Key Takeaways: Types of Data and the Language of Statistics

Contributors

Key Takeaways: Types of Data and the Language of Statistics

One-Sentence Summary

Every variable is either categorical (labels and groups) or numerical (measurable quantities), and correctly classifying your variables before analysis is the single most important step you can take to avoid meaningless results.

Core Concepts at a Glance

Concept	Definition	Why It Matters
Observational unit	The individual entity each row of data describes	Defines what your dataset is "about"; must be identified first
Variable	A characteristic that varies across observational units	Each column captures one measurable or classifiable property
Categorical variable	Values are labels or group names	Use frequency counts, bar charts, mode — NOT averages
Numerical variable	Values are measurable quantities	Use averages, histograms, standard deviation — full arithmetic
Data dictionary	Documentation describing every variable in a dataset	Prevents misclassification, ensures reproducibility
Parameter	A number describing a population (usually unknown)	The "truth" you're trying to estimate
Statistic	A number describing a sample (calculated from data)	Your best estimate of the unknown parameter

The Classification System

                        Variable
                       /         \
              Categorical       Numerical
              /        \        /        \
         Nominal    Ordinal  Discrete  Continuous
         (labels)  (ranked)  (counted)  (measured)
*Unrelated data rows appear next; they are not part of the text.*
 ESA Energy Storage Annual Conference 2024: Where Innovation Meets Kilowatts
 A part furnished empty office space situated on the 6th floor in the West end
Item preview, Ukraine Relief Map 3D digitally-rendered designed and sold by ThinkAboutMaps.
Type	Order?	Equal spacing?	Arithmetic?	Quick examples
Nominal	No	No	No	Blood type, zip code, diagnosis
Ordinal	Yes	No	Limited	Pain scale, letter grades, Likert ratings
Discrete	Yes	Yes	Yes	Number of siblings, goals scored
Continuous	Yes	Yes	Yes	Height, weight, temperature, time

Quick Decision Flowchart

Step 1: Does the variable record a category/label, or a quantity? - Category → Categorical - Quantity → Numerical

Step 2 (Categorical): Do the categories have a natural order? - No → Nominal - Yes → Ordinal

Step 2 (Numerical): Is the variable counted (whole numbers only) or measured (any value)? - Counted → Discrete - Measured → Continuous

The Numbers Trap

Not all numbers are numerical variables. If arithmetic (averaging, subtracting) produces a meaningless result, the variable is categorical — regardless of whether the values are digits.
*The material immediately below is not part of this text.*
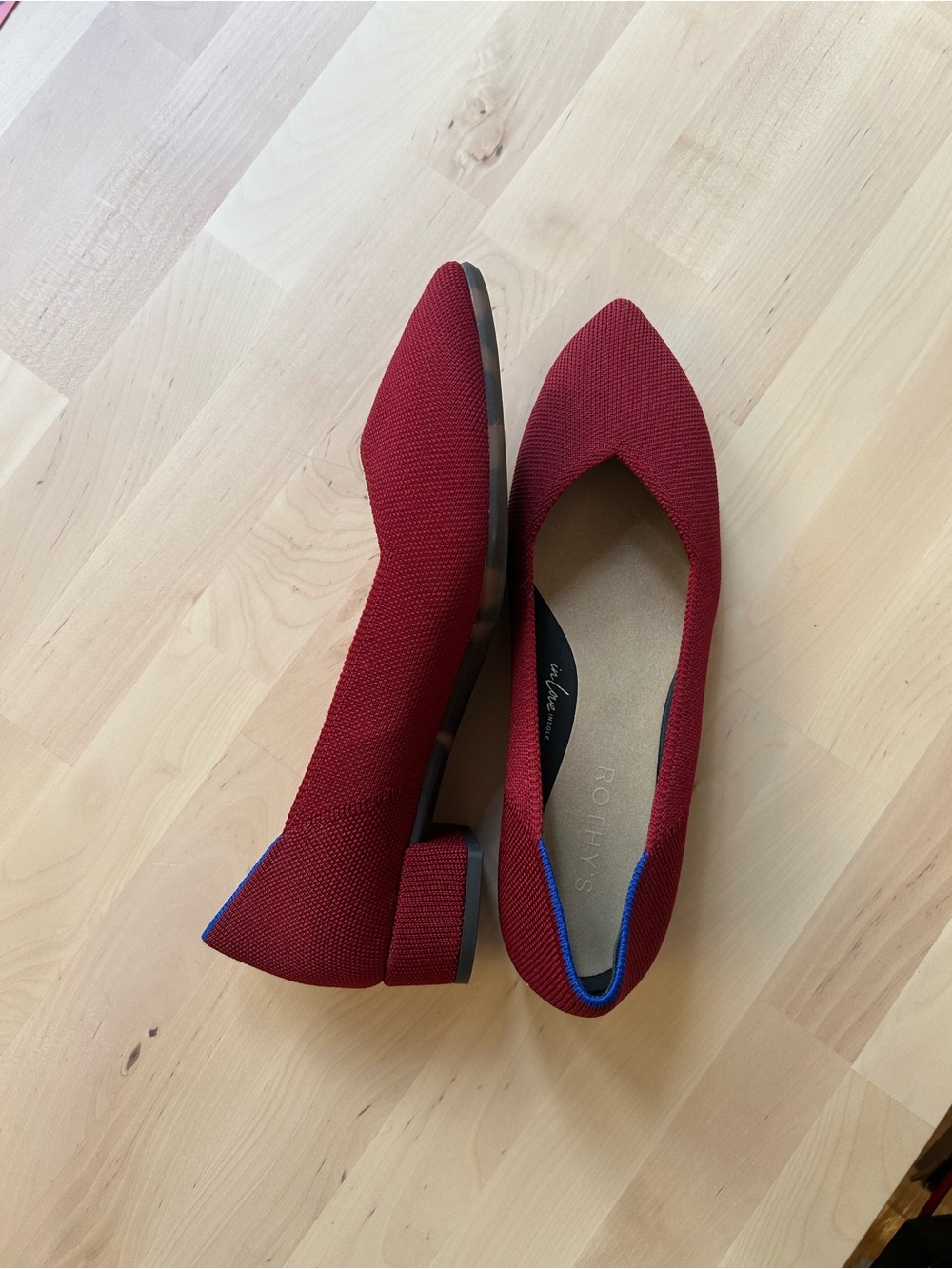 Rothy's Red Pointed Toe Flats - Picture 2 of 6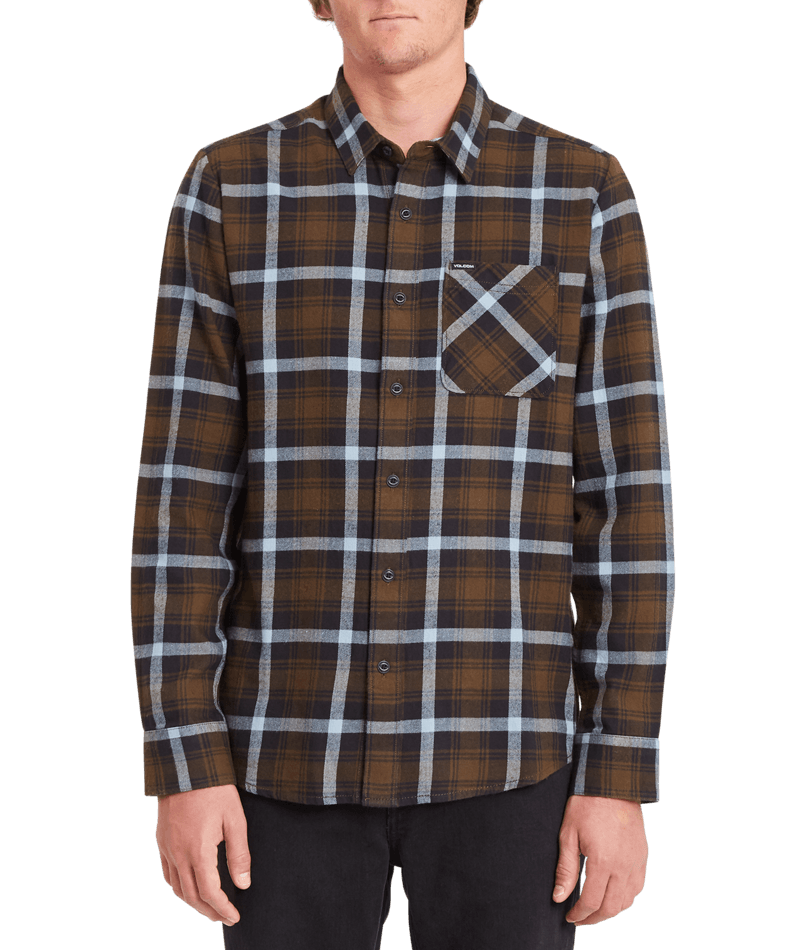 Volcom | Volcom Caden Plaid Ls Wren  | Camisas, Camisas manga larga, Men, Ropa, Unisex |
Looks numerical, but ISN'T	Why
Zip codes (90210)	"Average zip code" is meaningless
Phone numbers	Can't add two phone numbers
Social Security numbers	Labels, not quantities
Jersey numbers	Player #24 isn't "twice" player #12
Coded responses (1 = Yes, 2 = No)	Codes are labels in disguise

Levels of Measurement Hierarchy

Ratio     → ratios meaningful (height, income)
Interval  → differences meaningful (temperature °F, calendar year)
Ordinal   → order meaningful (pain scale, rankings)
Nominal   → equality only (blood type, zip code)

Each level up unlocks more valid operations. You can always treat higher-level data as lower-level (ratio as ordinal), but never lower as higher (nominal as ratio).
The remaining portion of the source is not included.